In spring 2025, the DC Education Research Collaborative, in partnership with the D.C. Policy Center, developed a questionnaire for school and program staff members of the District of Columbia Public Schools (DCPS) as part of our multiyear study examining career development opportunities (CDOs) available to DCPS students.
The questionnaire served as our primary data collection instrument to gather detailed information on the components and intended outcomes of around 40 CDOs across the city. During the survey design phase, our team noticed three challenges that could severely affect the quality of our data and our relationship with our DCPS partners.
First, we needed a 100 percent response rate to cover the universe of CDOs (a list co-created with DCPS). But conducting a full census would be challenging, given that the questionnaire was comprehensive, some program leads oversee multiple programs and would therefore have to fill it out multiple times, and survey fatigue lowers response rates.
Second, DCPS central services staff members said they wanted to minimize the time that any one individual spent on the questionnaire, which by necessity was quite detailed. Given that this phase of data collection was coming early in a multiyear project, it was critical that we ease response burden on DCPS.
Third, our DCPS partners advised us that, regardless of how carefully we crafted the questionnaire, program staff members would be susceptible to interpreting questions differently or providing data in formats different from what we intended.
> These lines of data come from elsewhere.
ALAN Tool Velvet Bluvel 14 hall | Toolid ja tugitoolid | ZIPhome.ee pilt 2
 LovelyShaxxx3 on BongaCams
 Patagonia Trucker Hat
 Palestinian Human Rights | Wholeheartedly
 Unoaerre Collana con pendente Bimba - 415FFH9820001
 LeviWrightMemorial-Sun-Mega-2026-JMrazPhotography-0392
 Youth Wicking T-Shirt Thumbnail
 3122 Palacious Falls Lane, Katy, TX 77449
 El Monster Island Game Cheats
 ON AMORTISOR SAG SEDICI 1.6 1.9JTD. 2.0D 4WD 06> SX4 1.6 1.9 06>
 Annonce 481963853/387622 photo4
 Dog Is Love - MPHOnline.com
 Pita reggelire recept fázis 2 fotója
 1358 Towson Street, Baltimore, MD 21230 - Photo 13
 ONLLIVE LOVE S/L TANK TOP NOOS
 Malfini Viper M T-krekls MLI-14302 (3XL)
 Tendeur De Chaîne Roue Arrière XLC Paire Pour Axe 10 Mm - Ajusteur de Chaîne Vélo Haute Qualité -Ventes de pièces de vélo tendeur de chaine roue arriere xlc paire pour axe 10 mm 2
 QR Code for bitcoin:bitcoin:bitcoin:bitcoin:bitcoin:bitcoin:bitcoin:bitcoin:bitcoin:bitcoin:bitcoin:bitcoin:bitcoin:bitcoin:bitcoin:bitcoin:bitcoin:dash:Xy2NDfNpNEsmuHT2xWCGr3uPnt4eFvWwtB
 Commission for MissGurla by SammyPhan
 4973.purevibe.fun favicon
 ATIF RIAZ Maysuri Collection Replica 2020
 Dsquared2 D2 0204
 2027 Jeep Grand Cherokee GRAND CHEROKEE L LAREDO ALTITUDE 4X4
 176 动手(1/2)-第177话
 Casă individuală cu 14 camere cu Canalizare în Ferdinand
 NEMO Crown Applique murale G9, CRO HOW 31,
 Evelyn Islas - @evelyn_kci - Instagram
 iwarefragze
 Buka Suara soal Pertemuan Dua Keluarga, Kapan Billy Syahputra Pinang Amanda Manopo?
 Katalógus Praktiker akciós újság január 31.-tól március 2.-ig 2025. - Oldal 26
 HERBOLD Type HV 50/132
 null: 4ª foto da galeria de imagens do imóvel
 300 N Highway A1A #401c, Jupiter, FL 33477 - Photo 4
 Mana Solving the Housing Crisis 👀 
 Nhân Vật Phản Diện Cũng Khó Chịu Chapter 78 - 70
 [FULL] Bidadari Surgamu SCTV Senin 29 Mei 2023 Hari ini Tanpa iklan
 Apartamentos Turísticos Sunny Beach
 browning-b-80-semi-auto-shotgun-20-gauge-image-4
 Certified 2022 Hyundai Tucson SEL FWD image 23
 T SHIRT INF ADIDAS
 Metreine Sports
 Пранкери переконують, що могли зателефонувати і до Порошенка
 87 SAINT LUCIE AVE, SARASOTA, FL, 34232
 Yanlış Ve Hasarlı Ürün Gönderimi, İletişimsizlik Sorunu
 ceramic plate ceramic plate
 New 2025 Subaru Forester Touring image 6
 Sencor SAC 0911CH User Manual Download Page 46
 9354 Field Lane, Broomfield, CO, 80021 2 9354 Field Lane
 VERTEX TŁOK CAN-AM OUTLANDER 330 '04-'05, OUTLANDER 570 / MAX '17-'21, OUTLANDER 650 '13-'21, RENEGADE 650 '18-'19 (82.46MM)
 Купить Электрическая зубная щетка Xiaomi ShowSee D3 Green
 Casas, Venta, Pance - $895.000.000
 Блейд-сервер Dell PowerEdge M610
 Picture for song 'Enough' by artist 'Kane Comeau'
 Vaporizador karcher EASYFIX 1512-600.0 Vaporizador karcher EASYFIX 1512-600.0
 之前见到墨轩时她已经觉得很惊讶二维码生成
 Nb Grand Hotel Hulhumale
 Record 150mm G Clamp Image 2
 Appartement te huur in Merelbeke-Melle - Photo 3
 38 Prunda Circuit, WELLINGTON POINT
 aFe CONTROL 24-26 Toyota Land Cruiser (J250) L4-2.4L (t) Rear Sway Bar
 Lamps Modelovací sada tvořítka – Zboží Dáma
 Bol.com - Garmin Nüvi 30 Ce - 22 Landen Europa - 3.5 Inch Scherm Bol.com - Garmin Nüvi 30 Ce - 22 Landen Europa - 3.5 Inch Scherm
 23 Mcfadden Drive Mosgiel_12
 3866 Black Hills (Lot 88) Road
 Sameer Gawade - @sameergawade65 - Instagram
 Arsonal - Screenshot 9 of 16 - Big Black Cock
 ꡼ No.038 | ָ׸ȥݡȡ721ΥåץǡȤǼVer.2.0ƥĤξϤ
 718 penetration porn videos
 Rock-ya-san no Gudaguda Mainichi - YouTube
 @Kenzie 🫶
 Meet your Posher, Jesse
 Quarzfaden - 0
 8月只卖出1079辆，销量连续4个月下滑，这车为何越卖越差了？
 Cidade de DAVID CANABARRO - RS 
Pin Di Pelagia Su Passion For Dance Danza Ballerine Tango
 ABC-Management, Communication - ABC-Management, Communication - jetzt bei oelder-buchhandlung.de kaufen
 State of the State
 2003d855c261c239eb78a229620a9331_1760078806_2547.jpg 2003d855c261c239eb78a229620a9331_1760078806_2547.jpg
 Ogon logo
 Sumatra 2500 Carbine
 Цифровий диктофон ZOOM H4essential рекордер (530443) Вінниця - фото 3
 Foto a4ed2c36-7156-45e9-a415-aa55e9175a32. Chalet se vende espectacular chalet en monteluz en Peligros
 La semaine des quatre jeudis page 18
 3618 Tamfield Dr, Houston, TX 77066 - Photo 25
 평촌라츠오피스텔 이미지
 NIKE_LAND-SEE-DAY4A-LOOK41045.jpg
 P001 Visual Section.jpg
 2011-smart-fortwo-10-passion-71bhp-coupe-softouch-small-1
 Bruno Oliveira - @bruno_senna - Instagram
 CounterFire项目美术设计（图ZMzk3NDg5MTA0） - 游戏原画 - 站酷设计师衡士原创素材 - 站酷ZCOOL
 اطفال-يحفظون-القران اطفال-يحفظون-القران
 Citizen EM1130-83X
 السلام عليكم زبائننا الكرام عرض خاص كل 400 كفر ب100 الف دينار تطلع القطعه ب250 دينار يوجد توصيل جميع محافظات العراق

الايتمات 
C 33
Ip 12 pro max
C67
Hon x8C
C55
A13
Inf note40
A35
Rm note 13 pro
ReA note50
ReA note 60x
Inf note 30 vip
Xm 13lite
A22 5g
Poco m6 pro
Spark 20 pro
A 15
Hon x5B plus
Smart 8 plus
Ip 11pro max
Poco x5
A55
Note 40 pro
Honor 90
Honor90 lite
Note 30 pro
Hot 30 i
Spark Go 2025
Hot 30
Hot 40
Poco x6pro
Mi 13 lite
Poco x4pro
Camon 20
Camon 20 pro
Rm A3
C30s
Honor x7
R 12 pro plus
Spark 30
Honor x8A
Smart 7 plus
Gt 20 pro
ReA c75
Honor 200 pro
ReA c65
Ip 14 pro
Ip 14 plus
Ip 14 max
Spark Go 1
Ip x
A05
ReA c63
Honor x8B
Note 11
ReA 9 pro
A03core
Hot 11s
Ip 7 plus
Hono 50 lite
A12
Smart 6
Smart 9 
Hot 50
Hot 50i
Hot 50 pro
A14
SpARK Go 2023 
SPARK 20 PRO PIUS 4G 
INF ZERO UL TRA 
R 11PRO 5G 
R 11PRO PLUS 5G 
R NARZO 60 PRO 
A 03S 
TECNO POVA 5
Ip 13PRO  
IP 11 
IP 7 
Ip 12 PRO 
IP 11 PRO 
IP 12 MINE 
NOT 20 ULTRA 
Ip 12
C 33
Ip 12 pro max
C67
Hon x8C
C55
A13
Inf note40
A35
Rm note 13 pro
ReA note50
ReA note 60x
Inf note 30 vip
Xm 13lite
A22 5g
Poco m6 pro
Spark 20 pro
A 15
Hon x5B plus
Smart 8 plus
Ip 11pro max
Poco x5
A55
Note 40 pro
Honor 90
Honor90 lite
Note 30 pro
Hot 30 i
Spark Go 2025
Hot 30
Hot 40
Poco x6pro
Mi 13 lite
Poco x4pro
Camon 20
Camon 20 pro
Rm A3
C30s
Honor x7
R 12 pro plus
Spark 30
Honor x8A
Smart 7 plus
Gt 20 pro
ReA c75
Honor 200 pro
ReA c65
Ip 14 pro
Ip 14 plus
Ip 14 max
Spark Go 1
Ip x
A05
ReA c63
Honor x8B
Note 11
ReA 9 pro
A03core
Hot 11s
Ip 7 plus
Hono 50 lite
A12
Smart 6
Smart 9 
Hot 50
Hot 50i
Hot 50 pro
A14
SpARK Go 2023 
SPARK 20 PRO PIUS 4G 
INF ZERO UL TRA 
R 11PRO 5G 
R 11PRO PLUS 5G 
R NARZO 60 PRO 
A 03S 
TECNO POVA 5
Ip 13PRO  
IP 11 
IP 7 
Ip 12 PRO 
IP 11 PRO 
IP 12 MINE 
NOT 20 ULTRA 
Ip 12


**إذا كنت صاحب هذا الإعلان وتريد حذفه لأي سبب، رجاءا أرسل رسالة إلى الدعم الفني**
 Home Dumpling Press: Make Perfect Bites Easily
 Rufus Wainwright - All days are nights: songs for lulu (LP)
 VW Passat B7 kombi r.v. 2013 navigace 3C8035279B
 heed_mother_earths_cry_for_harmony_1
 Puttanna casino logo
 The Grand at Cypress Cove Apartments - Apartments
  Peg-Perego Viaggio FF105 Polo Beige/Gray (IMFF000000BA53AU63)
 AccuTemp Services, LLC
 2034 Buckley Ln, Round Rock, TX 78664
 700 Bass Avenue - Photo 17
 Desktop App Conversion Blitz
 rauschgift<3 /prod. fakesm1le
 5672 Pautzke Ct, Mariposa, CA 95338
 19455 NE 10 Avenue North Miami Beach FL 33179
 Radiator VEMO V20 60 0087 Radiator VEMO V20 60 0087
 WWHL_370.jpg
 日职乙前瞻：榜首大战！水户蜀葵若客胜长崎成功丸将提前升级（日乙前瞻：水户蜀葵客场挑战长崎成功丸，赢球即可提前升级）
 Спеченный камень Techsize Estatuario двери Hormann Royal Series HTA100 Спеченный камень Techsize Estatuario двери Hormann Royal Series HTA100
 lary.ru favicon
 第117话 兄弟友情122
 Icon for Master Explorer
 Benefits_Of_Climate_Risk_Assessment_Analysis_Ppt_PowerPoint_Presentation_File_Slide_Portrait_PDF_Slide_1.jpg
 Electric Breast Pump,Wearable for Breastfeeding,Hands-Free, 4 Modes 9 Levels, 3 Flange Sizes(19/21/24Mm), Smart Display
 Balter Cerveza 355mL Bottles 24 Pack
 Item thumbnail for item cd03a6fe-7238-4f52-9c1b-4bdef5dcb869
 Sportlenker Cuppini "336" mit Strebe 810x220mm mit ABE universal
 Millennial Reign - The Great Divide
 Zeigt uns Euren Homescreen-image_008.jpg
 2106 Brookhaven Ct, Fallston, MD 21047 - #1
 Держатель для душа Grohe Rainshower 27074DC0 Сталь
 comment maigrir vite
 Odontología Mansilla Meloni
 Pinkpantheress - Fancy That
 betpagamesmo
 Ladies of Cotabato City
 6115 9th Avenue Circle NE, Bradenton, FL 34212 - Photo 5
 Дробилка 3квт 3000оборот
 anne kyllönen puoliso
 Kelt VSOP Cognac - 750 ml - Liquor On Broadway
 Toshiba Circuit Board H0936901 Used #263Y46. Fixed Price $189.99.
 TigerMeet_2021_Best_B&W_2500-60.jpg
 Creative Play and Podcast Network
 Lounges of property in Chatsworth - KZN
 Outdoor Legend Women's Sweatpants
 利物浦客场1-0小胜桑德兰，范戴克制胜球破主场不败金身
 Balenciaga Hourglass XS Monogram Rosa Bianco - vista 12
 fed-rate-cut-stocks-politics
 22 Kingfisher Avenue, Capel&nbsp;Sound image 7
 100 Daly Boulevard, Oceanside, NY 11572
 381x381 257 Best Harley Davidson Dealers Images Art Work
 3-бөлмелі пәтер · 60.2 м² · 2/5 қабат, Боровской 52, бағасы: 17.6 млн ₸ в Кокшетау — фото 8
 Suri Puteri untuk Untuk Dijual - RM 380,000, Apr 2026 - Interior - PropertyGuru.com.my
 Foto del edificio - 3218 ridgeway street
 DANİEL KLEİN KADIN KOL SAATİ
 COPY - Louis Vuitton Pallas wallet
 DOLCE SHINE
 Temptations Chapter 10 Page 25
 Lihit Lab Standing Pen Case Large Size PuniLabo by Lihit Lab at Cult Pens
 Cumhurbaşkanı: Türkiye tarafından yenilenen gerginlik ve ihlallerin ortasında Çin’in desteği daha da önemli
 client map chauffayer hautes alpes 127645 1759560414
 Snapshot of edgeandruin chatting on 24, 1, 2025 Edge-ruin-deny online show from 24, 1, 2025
This created concerns about data uniformity and quality, and we wanted to avoid not only initial errors but having to go back to program staff members to review data for quality control.
These three challenges are not unique to our study. Balancing respondents’ time, capacity, and desire to provide data with researchers’ needs for complete, accurate data is a common issue. The need to preserve relationships with our respondents (and their supervisors, who connected us to them in the first place) is also a common theme in any sustained research effort.
To meet these challenges, we adopted a prefill strategy, using a wealth of public or easily requested information about many CDOs on our list. Some programs had websites describing how to apply, documentation for instructors on how many sessions the opportunity entailed, or aggregated data on the number and location of available seats. So before fielding the questionnaire, we conducted a desk review of available program documentation. This resulted in more than 1,000 data points that informed our understanding of CDOs and reduced the need to ask program staff members for information.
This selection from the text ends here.